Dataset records
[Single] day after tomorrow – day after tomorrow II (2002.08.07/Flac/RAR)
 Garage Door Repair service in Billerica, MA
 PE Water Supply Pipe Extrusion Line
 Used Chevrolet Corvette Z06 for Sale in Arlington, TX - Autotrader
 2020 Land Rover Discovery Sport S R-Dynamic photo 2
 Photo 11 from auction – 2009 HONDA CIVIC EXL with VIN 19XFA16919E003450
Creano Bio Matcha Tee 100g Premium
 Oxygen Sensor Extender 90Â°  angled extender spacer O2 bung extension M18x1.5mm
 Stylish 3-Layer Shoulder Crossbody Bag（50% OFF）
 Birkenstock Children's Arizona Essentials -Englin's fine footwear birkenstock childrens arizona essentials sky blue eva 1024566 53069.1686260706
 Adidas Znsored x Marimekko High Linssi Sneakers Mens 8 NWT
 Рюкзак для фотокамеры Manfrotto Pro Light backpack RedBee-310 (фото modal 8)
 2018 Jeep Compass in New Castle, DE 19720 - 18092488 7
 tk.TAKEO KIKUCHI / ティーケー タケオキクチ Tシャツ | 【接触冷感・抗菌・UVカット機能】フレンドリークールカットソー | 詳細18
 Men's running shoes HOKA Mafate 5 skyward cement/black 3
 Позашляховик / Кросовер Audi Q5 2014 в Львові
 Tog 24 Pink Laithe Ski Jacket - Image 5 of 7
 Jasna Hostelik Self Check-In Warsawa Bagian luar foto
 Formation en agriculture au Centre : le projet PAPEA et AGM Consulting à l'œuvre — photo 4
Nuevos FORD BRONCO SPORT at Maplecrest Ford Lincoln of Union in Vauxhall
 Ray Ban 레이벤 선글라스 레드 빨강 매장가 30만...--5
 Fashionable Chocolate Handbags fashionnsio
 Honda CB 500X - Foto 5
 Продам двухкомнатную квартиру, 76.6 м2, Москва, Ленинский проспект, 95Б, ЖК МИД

- **EXERCISE REQUIREMENTS**
Your answer must consist solely of the lines from the top of the entries above through the line containing "Stylish 3-Layer Shoulder", copied exactly, both ends included.

- **RESULT FOR THIS TASK**
[Single] day after tomorrow – day after tomorrow II (2002.08.07/Flac/RAR)
 Garage Door Repair service in Billerica, MA
 PE Water Supply Pipe Extrusion Line
 Used Chevrolet Corvette Z06 for Sale in Arlington, TX - Autotrader
 2020 Land Rover Discovery Sport S R-Dynamic photo 2
 Photo 11 from auction – 2009 HONDA CIVIC EXL with VIN 19XFA16919E003450
Creano Bio Matcha Tee 100g Premium
 Oxygen Sensor Extender 90Â°  angled extender spacer O2 bung extension M18x1.5mm
 Stylish 3-Layer Shoulder Crossbody Bag（50% OFF）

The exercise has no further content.